У меня проблемы с компиляцией этой модели.
Я пытаюсь реализовать VGG16, но я буду использовать пользовательскую функцию потерь.Целевая переменная имеет форму (?, 14, 14, 9, 6)
, где мы используем только двоичную кроссентропию на Y_train[:,:,:,:,0]
, а затем Y_train[:,:,:,:,1]
в качестве переключателя, чтобы эффективно отключить потерю, делая этот мини-пакет - остальные будут использоваться в отдельной ветвинейронной сети.Это проблема двоичной классификации в этой ветке, поэтому я хочу, чтобы выходные данные имели форму (?, 14, 14, 9, 1)
.
. Я перечислил свою ошибку ниже.Можете ли вы объяснить, во-первых, что происходит не так, а во-вторых, как решить эту проблему?
Код модели
img_input = Input(shape = (224,224,3))
x = Conv2D(64, (3, 3), activation='relu', padding='same', name='block1_conv1')(img_input)
x = Conv2D(64, (3, 3), activation='relu', padding='same', name='block1_conv2')(x)
x = MaxPooling2D((2, 2), strides=(2, 2), name='block1_pool')(x)
# # Block 2
x = Conv2D(128, (3, 3), activation='relu', padding='same', name='block2_conv1')(x)
x = Conv2D(128, (3, 3), activation='relu', padding='same', name='block2_conv2')(x)
x = MaxPooling2D((2, 2), strides=(2, 2), name='block2_pool')(x)
# Block 3
x = Conv2D(256, (3, 3), activation='relu', padding='same', name='block3_conv1')(x)
x = Conv2D(256, (3, 3), activation='relu', padding='same', name='block3_conv2')(x)
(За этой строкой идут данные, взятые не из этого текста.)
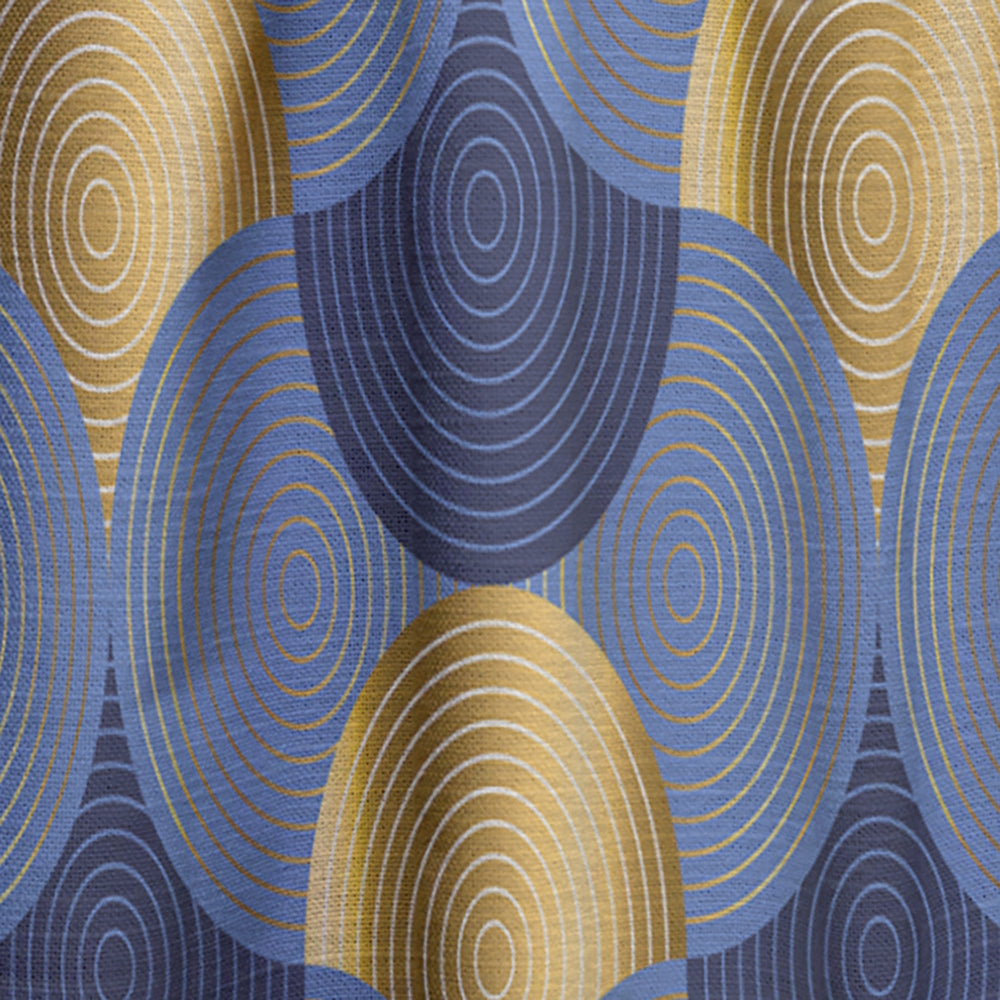 Retro Luxury Waves In Gold And Blue VIII - Mid-Century Modern Curtain - 1 Panel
x = Conv2D(256, (3, 3), activation='relu', padding='same', name='block3_conv3')(x)
x = MaxPooling2D((2, 2), strides=(2, 2), name='block3_pool')(x)
# # Block 4
x = Conv2D(512, (3, 3), activation='relu', padding='same', name='block4_conv1')(x)
x = Conv2D(512, (3, 3), activation='relu', padding='same', name='block4_conv2')(x)
x = Conv2D(512, (3, 3), activation='relu', padding='same', name='block4_conv3')(x)
x = MaxPooling2D((2, 2), strides=(2, 2), name='block4_pool')(x)
# # Block 5
x = Conv2D(512, (3, 3), activation='relu', padding='same', name='block5_conv1')(x)
x = Conv2D(512, (3, 3), activation='relu', padding='same', name='block5_conv2')(x)
x = Conv2D(512, (3, 3), activation='relu', padding='same', name='block5_conv3')(x)
x = Conv2D(512, (3, 3), padding='same', activation='relu', kernel_initializer='normal', name='rpn_conv1')(x)
x_class = Conv2D(9, (1, 1), activation='sigmoid', kernel_initializer='uniform', name='rpn_out_class')(x)
x_class = Reshape((14,14,9,1))(x_class)
model = Model(inputs=img_input, outputs=x_class)
model.compile(loss=rpn_loss_cls(), optimizer='adam')
Код функции потери:
def rpn_loss_cls(lambda_rpn_class=1.0, epsilon = 1e-4):
def rpn_loss_cls_fixed_num(y_true, y_pred):
return lambda_rpn_class * K.sum(y_true[:,:,:,:,0]
* K.binary_crossentropy(y_pred[:,:,:,:,:], y_true[:,:,:,:,1]))
/ K.sum(epsilon + y_true[:,:,:,:,0])
return rpn_loss_cls_fixed_num
Ошибка:
ValueError: logits and labels must have the same shape ((?, ?, ?, ?) vs (?, 14, 14, 9, 1))
Примечание. На этом сайте я прочитал несколько вопросов с одной и той же ошибкой, но ни одно из решений не позволило скомпилировать мою модель.
Потенциальное решение:
Iпродолжил возиться с этим и обнаружил, что, добавив
y_true = K.expand_dims(y_true, axis=-1)
, я смог скомпилировать модель.Все еще сомнительно, что это будет работать правильно.